ROBERT-HOUDIN Jean-Eugène (Jean-Eugène Robert : 1805-1871)

Cimetière de Blois-ville de Blois (41)
lundi 26 novembre 2012
par  Philippe Landru

Considéré comme l’un des plus grands illusionnistes et prestidigitateurs de tous les temps, à l’origine de presque tous les « grands trucs » de la magie actuelle, ce célèbre illusionniste français fut aussi un grand constructeur d’automates.

Né Jean-Eugène Robert à Blois, il allia plus tard à son patronyme le nom de sa femme, Cécile Églantine Houdin.

Il étudia l’horlogerie, l’électricité et la construction d’automates et déposa plusieurs brevets d’inventions : il fut ainsi est le premier à perfectionner l’ampoule électrique à incandescence, mais on lui doit d’autres inventions dans un grand nombre de domaines : appareil permettant de mesurer les « touches » des escrimeurs, taximètre, appareils électromécaniques de contrôle à distance, certains instruments d’ophtalmologie...

Il découvre l’illusionnisme dans le recueil d’un bonimenteur dénonçant le charlatanisme : il entama alors sa carrière de prestidigitateur. Il ouvrit un théâtre de magie au Palais-Royal, à Paris, où il organisa à partir de 1845 des « Soirées fantastiques » qui connurent un succès immédiat. Il y présenta des automates magiques ainsi que des expériences inédites comme La Bouteille inépuisable et La Suspension éthéréenne dont la conception et l’exécution envoyaient aux oubliettes le répertoire désormais désuet de ses prédécesseurs.

En quelques années Robert-Houdin fit fortune. Il laissa son théâtre, qui entre-temps s’était installé boulevard des Italiens, à son beau-frère Hamilton. Robert-Houdin retourna vivre près de Blois. En 1888, le théâtre fut vendu par ses héritiers à Georges Méliès, lui-même illusionniste, qui fonda l’Académie de prestidigitation en 1891. Georges Méliès suivit ses traces en inventant les premiers trucages cinématographiques. Enfin, un certain Ehrich Weiss, connut une célébrité mondiale sous son nom de scène, Harry Houdini, pseudonyme qu’il adopta en hommage à Robert-Houdin.

Son origine blésoise explique la présence dans cette ville de la Maison de la Magie, ouverte en 1898.

Il repose sous une tombe ne présentant a priori aucun escamotage magique. Le médaillon qui l’orne, signé Dantan, était placé de son vivant sur la cheminée de sa salle à manger.

Dans ce même tombeau repose la descendance qu’il eut de sa seconde épouse, à savoir Marguerite Braconnier. Parmi ceux-ci se trouvent :
- son fils, le peintre Georges ROBERT-HOUDIN (1851-1925),
- sa fille Rosalie ROBERT-HOUDIN (1852-1926), sculptrice animalière,
- son petit-fils (fils de Georges), Paul ROBERT-HOUDIN (1894-1978), architecte du département, qui fut conservateur du château de Chambord.

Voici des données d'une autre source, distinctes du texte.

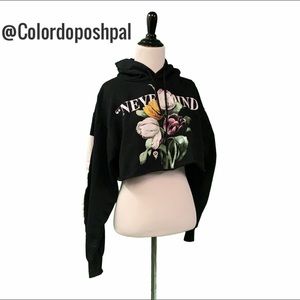 Civil Regime “Nevermind” Tulip Cropped Hoodie Blck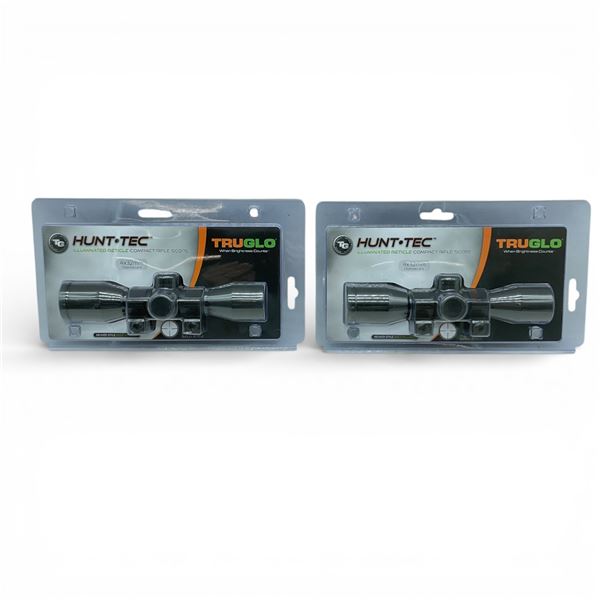TruGlo Hunt-Tec 4x32mm Illuminated Reticle Compact Rifle Scope X 2 Qty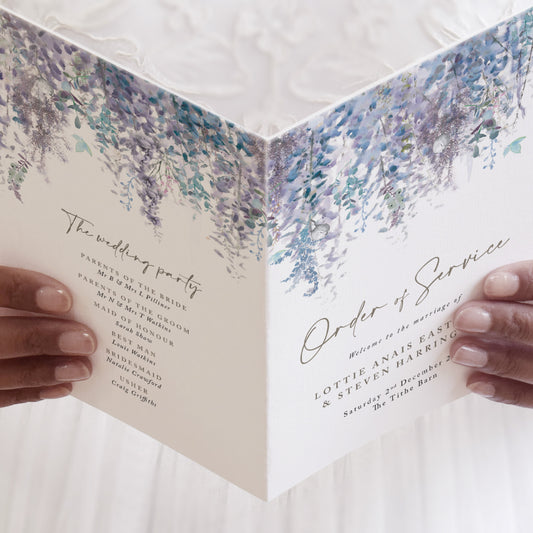 4 PAGE 'Whimsical Winter' Wedding Order of Service Booklet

Tous les amateurs du cimetière Montparnasse à Paris connaissent bien, dans la 12ème division, la tombe d’Emile ROBERT-HOUDIN (1831-1883) (que certains prennent d’ailleurs pour celle de Jean-Eugène). Il s’agit en réalité du fils que Jean-Eugène eut avec sa première épouse, Cécile Houdin. Il suivit les traces de son père et c’est lui qui prit la direction du Théâtre en 1873. Bien dans la tradition, sa tombe indique « horloger - prestidigitateur ».